Later, the assessors convinced the Legislature to enact new legislation to extend the time that an assessor may take in order to complete an audit. The new legislation provided a new timeframe that began when the notice was sent to the taxpayer that the assessor intended to make an audit and ended when the audit results were issued. The deadline for the assessor to implement increases in back assessments was extended for that same period of time. The previous deadline for assessors to make back assessments was the same as the taxpayer's amended schedule deadline. Because of the equal dates, the taxpayer could always file an amended schedule for refunds if the audit showed over-payment.
Now, because of the audit time tolling law, the assessors sometimes take so much extra time to complete the audits that the deadline for a taxpayer to file an amended schedule passes by. The taxpayer then cannot correct an excessive assessment indicated by the assessor's own audit because the results came out past the taxpayer’s deadline.
This puts the taxpayer back into the situation as before where audits allow assessments to go up, but not go down.
Our firm has once again drafted legislation and is lobbying for its passage to solve this problem for the taxpayers. The legislation will allow the deadline for the taxpayers filing amended schedules to be equal to the same amount of time that the assessor is allowed in making back assessments from audit results. Therefore, the taxpayer will have time to file an amended schedule to receive refunds of overpaid taxes if the audit results so indicate.

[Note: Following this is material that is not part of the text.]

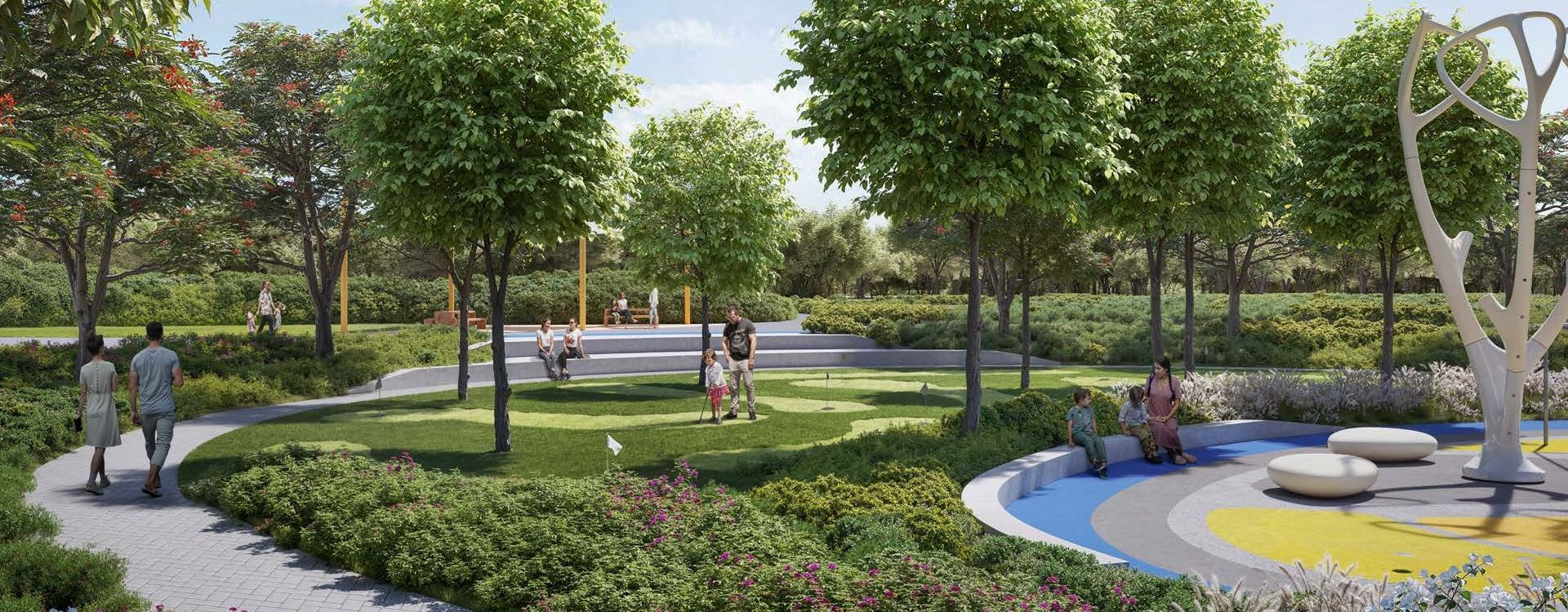 Samana Hills South Studio - Image 10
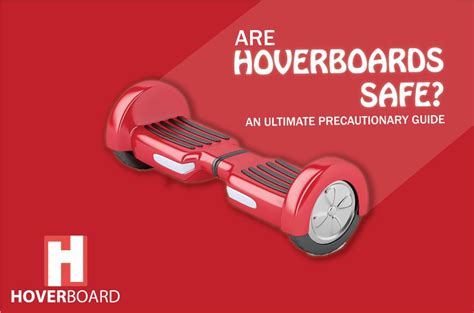 Are Hoverboards Safe in 2020 – An Ultimate Precautionary Guide in 2020 ...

Another method we are exploring in order to level the playing field is to permit errors in tangible personal property assessments to be corrected under the errors corrections law. At the present time neither the assessor nor the taxpayer may correct a personal property assessment error under this statute. Correctable errors are limited to only real estate assessments. While the taxpayer may file an amended schedule, if the assessor makes an error, it may not be corrected at all unless the taxpayer discovers the error or it is discovered through a random audit.
We will be reporting on this issue as it progresses in the Legislature.